The Summit highlighted a positive message indicating that Ireland’s 'blue economy' continues to grow at a faster pace than the general economy. Growth is being driven by strong performances in the aquaculture, sea fisheries, shipping and marine tourism industries as well as continued growth in the emerging ocean industries. It was further noted that growth in employment for the marine sector has risen from 27,888 (FTEs) in 2015 to an estimated 32,509 (FTEs) in 2017, an increase of 16.6 per cent.
With attendance at SeaFest again reaching over 100,000 visitors Dr John Killeen, Chairman of the Marine Institute said, "Our Ocean Wealth Summit and SeaFest 2018 have both exceeded our expectations in terms of attendance and also for creating public awareness of the immense marine resources which are abundant around the island of Ireland. We are now, as a country, beginning to become more aware of the potential wealth that can be generated by our seas. SeaFest offers a platform to engage the public in the importance of our seas and the contribution to our local and national economy."
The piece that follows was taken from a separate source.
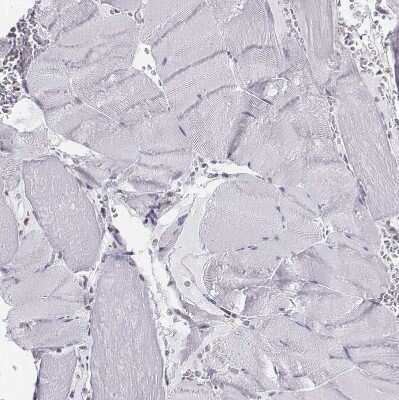 Immunohistochemistry-Paraffin: BARHL1 Antibody [NBP1-86513]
With a wonderful year of exciting research, promoting the importance the ocean has on our lives, as well as delivering services to a range of stakeholders, the Marine Institute would like to extend our warmest thoughts and best wishes to everyone and wish you all a wonderful holiday and a very happy new year in 2019.
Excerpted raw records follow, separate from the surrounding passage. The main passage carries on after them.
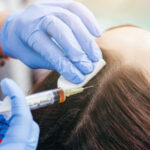 Revitalize Your Skin Naturally: The Power of PRP Therapy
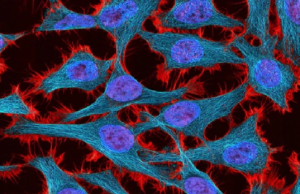 5 Ways Henrietta Lacks Changed Medical Science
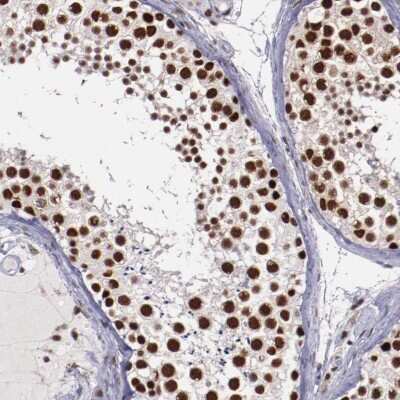 Immunohistochemistry-Paraffin: Smek1 Antibody [NBP1-84664]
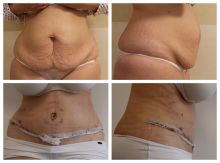 Abdominoplastika týden po operaci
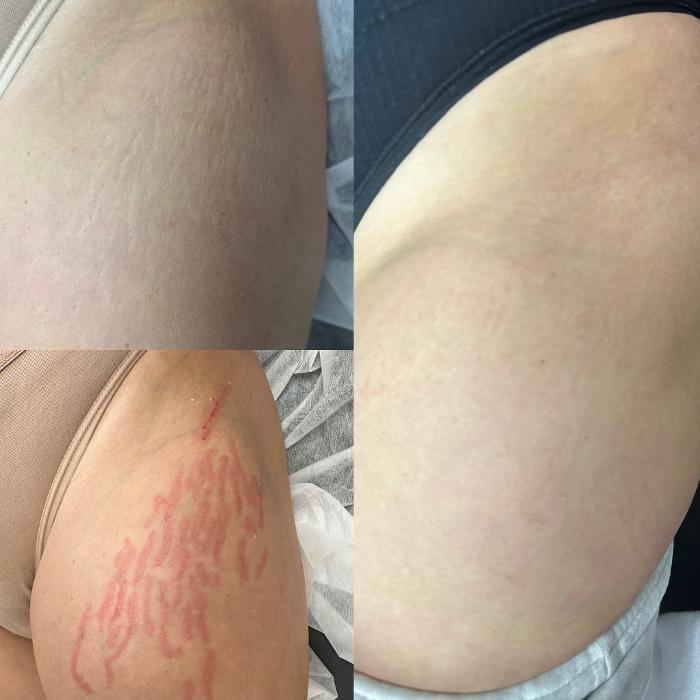 Buffalo Beauty Brows LLC - Buffalo, NY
The INFOMAR Programme is a Government of Ireland initiative, funded by Department of Communications, Climate Action and Environment and is a deliverable under Project 2040, Ireland’s National Development Plan. The survey called ‘SeaRover’ is the second of three surveys commissioned and jointly funded by the Irish Government and the EU’s European Maritime and Fisheries Fund. ‘The cross government initiative is supported by the Department of Agriculture, Food and Marine (DAFM), Department of Culture, Heritage and Gaeltacht (DCHG), and Department of Communications, Climate Action and Environment as part of the Marine Institute’s implementation of the Marine Biodiversity scheme. Survey operations were coordinated and led by the INFOMAR programme which is a joint venture between the Geological Survey Ireland and the Marine Institute, funded by the Department of Communications, Climate Action and Environment. Scientists from the Marine Institute, National Parks and Wildlife Service, National University of Ireland, Galway, Plymouth University and Aquafact participated in the survey which this year extended coverage to include Ireland’s farthest offshore area within its Exclusive Economic Zone at the Rockall Bank.